Most pipeline installation and maintenance companies run into cash flow problems because their customers pay their invoices in 30 to 60 days. However the pipeline maintenance company needs to pay a number of expenses much sooner than that - payroll needs to be met, rent needs to be paid monthly and suppliers need to be paid quickly. This creates a gap in the timing between revenues and expenses. And this gap can get many companies into trouble since they need to use their own cash reserves to cover expenses while waiting to get paid by clients. Ultimately, the company runs the risk of exhausting their cash reserves. At the very least, this will limit growth. If left unchecked, it could send the company into a financial tail spin.

There are three ways to handle and shorten the timing gap between revenues and expenses. You can accelerate your revenues by asking your customers to pay their invoices quickly. You will need to give your customers an incentive if you want them to pay sooner - a common incentive is to give them a 2% discount for if they pay an invoice within 10 days. A second approach is delay your expenses by paying your suppliers in 30 to 60 days. This may work for larger pipeline maintenance companies with good credit, but may not work for smaller companies. Most companies usually try to improve their cash flow by using a combination of these two strategies. While these two strategies can work, they ultimately leave you at the mercy of your clients and suppliers, who could change their minds at any time.

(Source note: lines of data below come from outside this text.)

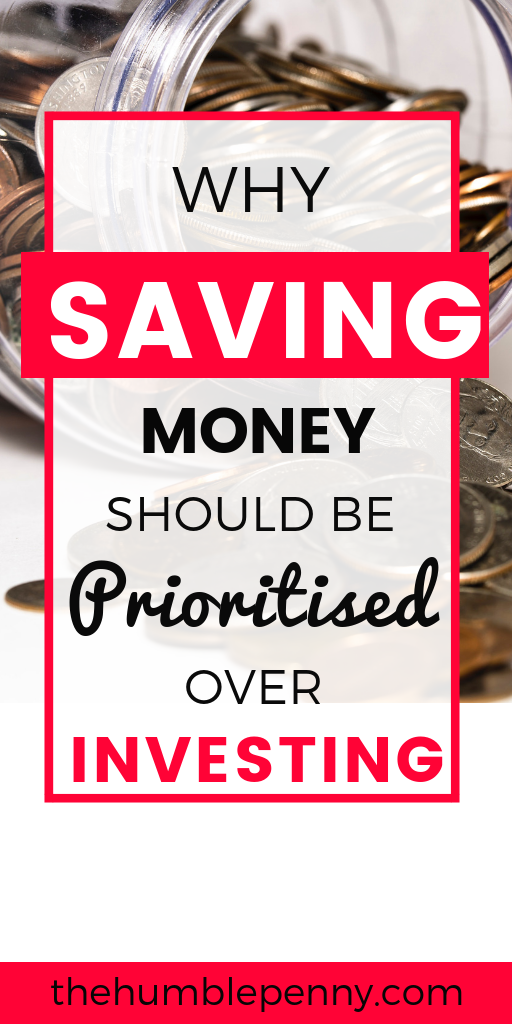 Why Saving Money Should Be Prioritised Over Investing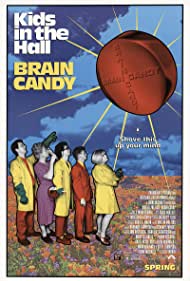 Kids in the Hall: Brain Candy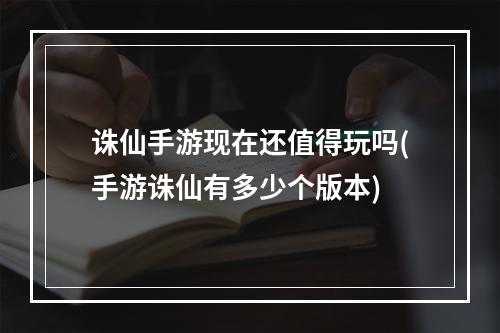 诛仙手游现在还值得玩吗(手游诛仙有多少个版本)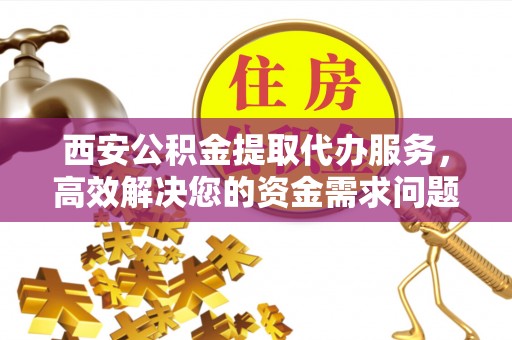 金乡西安公积金提取代办服务，高效解决您的资金需求问题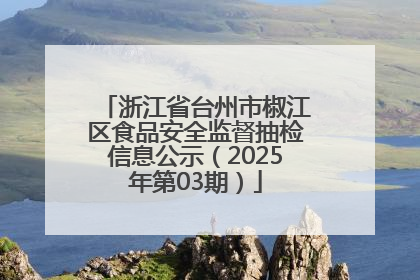 浙江省台州市椒江区食品安全监督抽检信息公示（2025年第03期）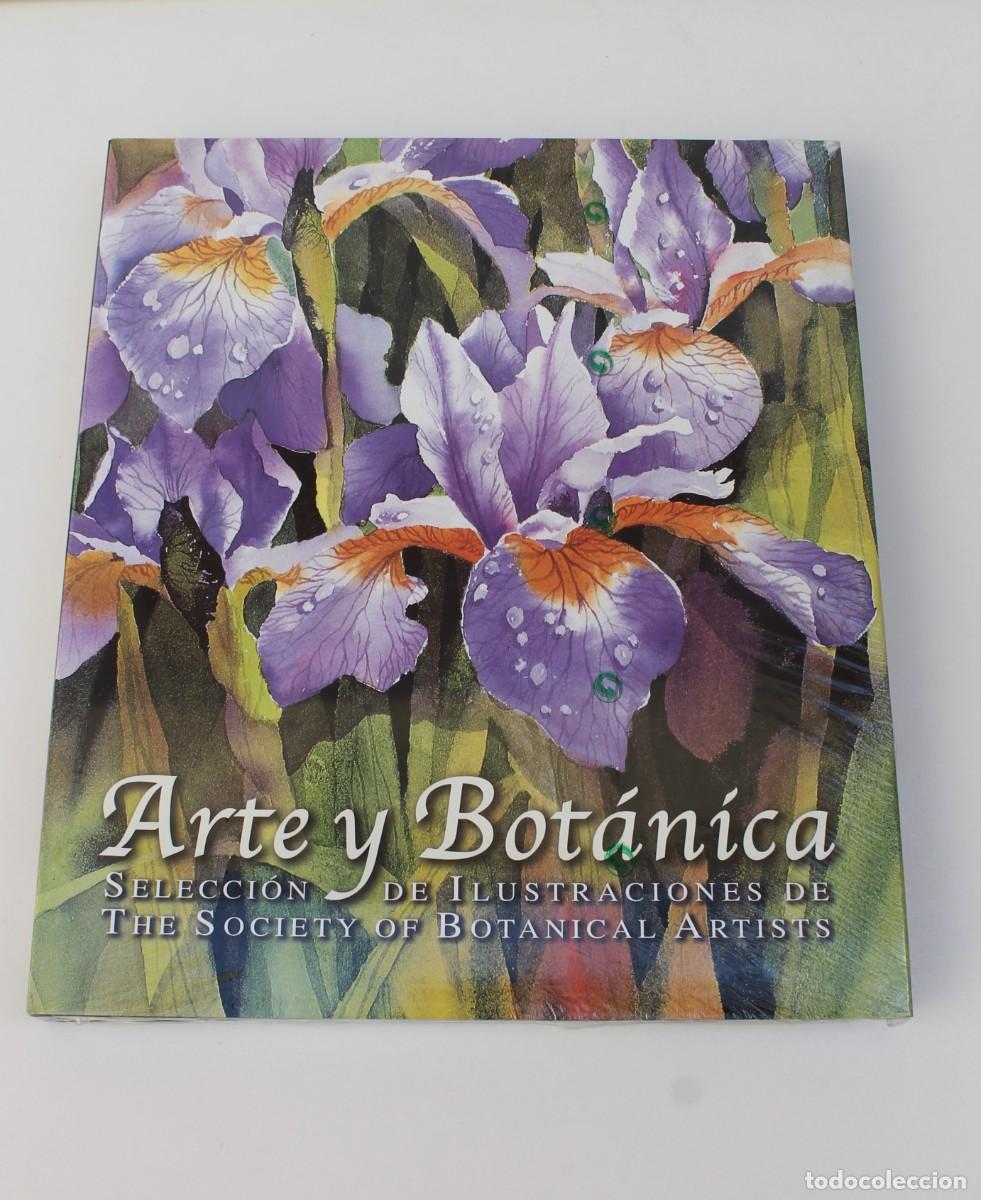 Second hand books: ARTE Y BOTANICA- ILUSTRACIONES THE SOCIETY OF BOTANICAL ARTISTS- LUNWERG EDITORES.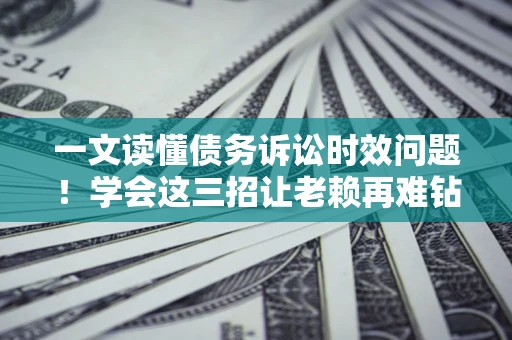 武汉一文读懂债务诉讼时效问题！学会这三招让老赖再难钻空子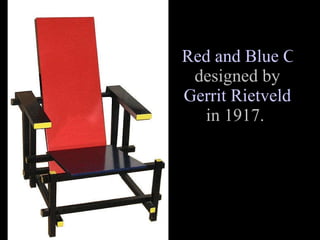 Red and Blue Chair designed by Gerrit Rietveld in 1917.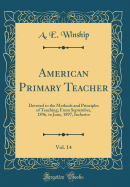 American Primary Teacher, Vol. 14: Devoted to the Methods and Principles of Teaching; From September, 1896, to June, 1897, Inclusive (Classic Reprint)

A third approach is to accelerate your revenues using invoice factoring. This strategy accelerates your revenues by using an financial intermediary, called a factoring company, between your company and your customers. The factoring company purchases your invoices for completed work (at a discount) and pays you upfront. This accelerates your cash flow and puts you in a better position to manage and grow your company. The factoring company then waits until your customer pays the invoice, at which time the transaction is settled.

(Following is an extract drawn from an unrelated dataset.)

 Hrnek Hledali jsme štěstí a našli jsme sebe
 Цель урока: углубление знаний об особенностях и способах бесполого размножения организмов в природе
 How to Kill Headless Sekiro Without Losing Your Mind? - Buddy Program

One major advantage of factoring is that it's easier to obtain than conventional business loans. Factoring companies consider your invoices to be your most important collateral and can finance them, provided they come from reputable and credit worthy customers. Because of this, factoring is accessible to small and medium sized companies that would not traditionally qualify for bank financing. Factoring can be a valuable tool for companies whose biggest challenge is that they need their customers to pay sooner.